A really long track for a b-side, coming in at not far short of six minutes.  It’s a hypnotically, catchy number with a touch of Latino to the tune.  It was an early indication of the road that the duo would travel on their next again album. It’s long been a favourite of mine.


What Have I Done To Deserve This was released on 10th August 1987. It was a duet with Dusty Springfield, a much loved and appreciated UK singer but whose last hit single had been back in 1970. PSB had the song ready in time for the release of their debut album some eighteen months earlier, but an initial approach to Dusty’s management hadn’t worked out.  The success of West End Girls changed everything, and the singer flew from her California home to London to record her vocal.  It reached #2 and brought her to a new audience. In 1990, her new album Reputation went Top 20, giving her solo success again after two decades.


mp3: Pet Shop Boys with Dusty Springfield – What Have I Done To Deserve This
mp3: Pet Shop Boys – A New Life

For once, the b-side was a tad anti-climatic, but then again, this release was all about the majesty of the a-side, a song that one critic, writing retrospectively in 2017 said it was “possibly the greatest pop song in history”.


Rent was released on 12th August 1987. It was the third single to be lifted from the album Please, and perhaps this affected the sales of the 45 as it ‘only’ made #8.  It was, however, a slightly different mix from the album version and the 7″ version was some 90 seconds shorter.


mp3: Pet Shop Boys – Rent
mp3: Pet Shop Boys – I Want A Dog

Back in 1987, Rent was really under-appreciated.  There was a sense that PSB were at their best with the bombastic, dancey type numbers, certainly when it comes to 45s.  A mid-tempo, bittersweet love song about a one-sided relationship caused a bit of head-scratching.  There was also a reluctance among some daytime radio DJs and producers to feature a song which was seemingly about male prostitutes  – as it turned out, in one of the few instances where Neil Tennant chose to give an explanation to a song; he (many years later) said he had always regarded it as being about a kept woman in America, possibly the secret lover of a high profile politician.
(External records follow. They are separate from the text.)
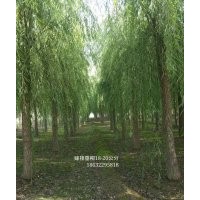 出售嫁接垂柳12-20公分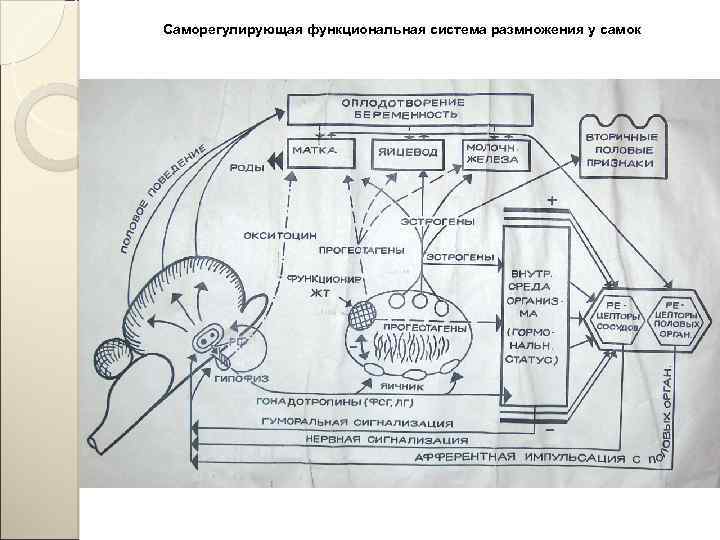 Саморегулирующая функциональная система размножения у самок 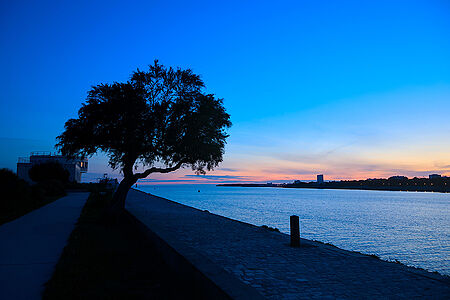 foto La Rochelle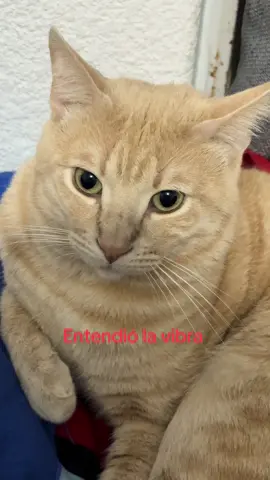 se agüitó el compa #juniorh #gato #fyp 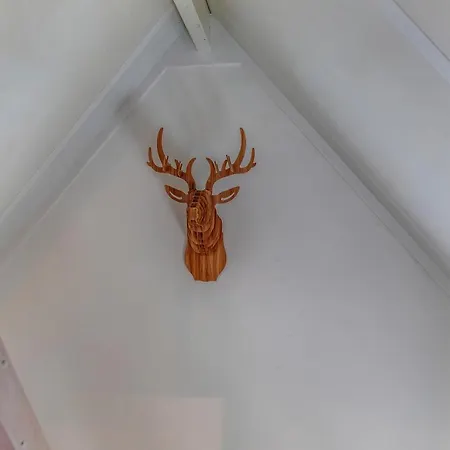 Panzió Larenstein Logeren In Tiny House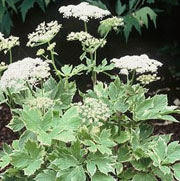 Peucedanum ostruthium “Daphnis”-Variegated Peuce Materwort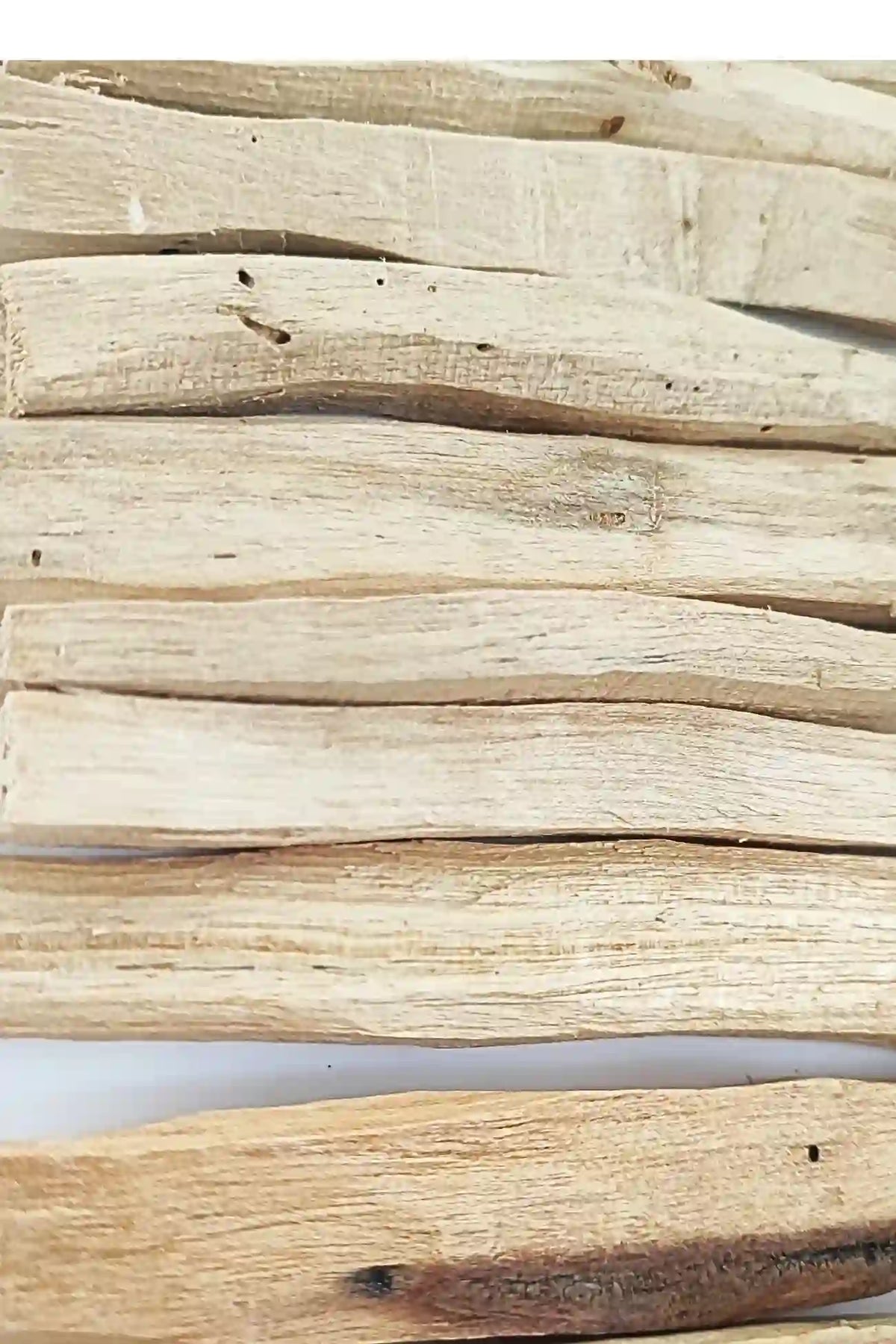 Palo Santo Ecuador Comuneros Close-up view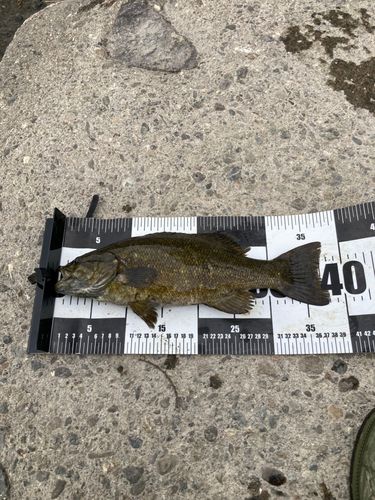 スモールマウスバスの釣果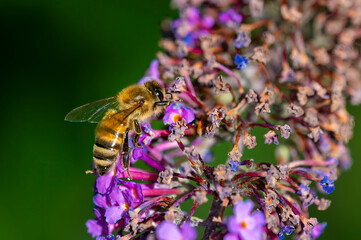 Close up from a honeybee (Apis mellifera) on buddleia blossoms in the sunshine.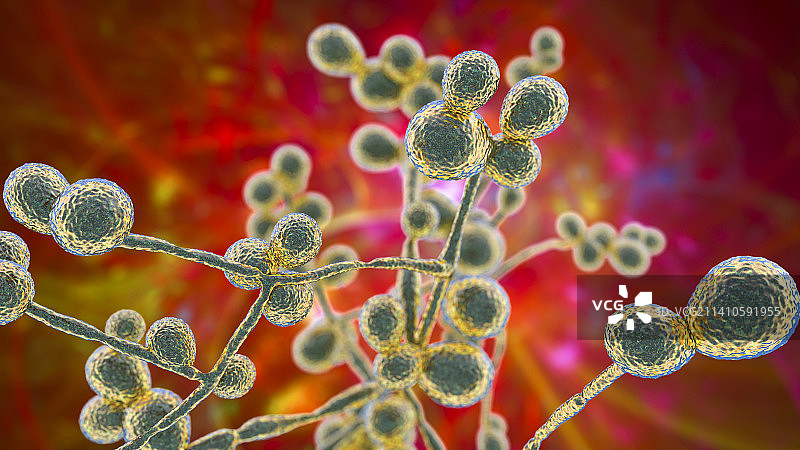 念珠菌酵母和菌丝阶段图示图片素材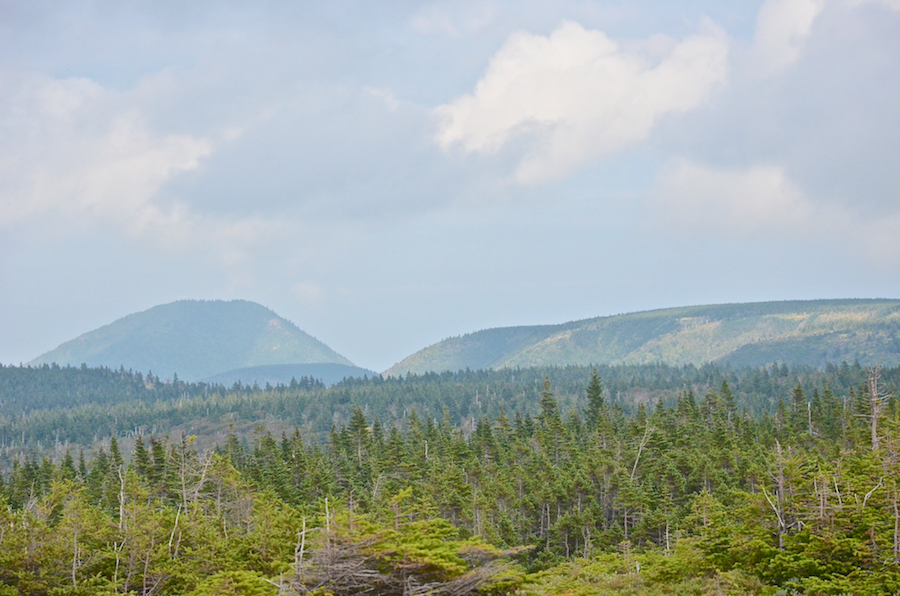 Willkie Sugar Loaf and the ridge above Willkie Brook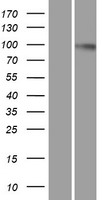 Dynamin 2 (DNM2) Human Over-expression Lysates NM_004945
The b-side is another excellent piece of mid-tempo music. The song would become better known a while later when an Italian-style disco beat was added to it for inclusion on the 1988 album Introspective.



8 thoughts on “PET SHOP BOY SINGLES (Part Three)

  1. Great series. I should add, if you liked the Pet Shop Boys and Dusty Springfield, ‘Occupy your mind’ which is PSB produced and instrumentation by the PSBs on Reputation is just ace – definitely a more club type track than the sucessful single. Check it out on Spotify.

  2. It’s A Sin is among the most impressive singles of the 80s for me. Disco/Pop meets Cinematic/Classical motifs is just genius. Add the drama of the world seen through the eyes of a guilt ridden church school boy and you have magic.

    Rent is just stunning. PSB are at their best when they focus on the not so obvious for the themes of subjects of their songs. Neil’s admission that he always thought of rent being about a kept woman in the US, makes its inclusion as a cover on the alib they produced for Liza Minnelli a few years later that much easier to understand.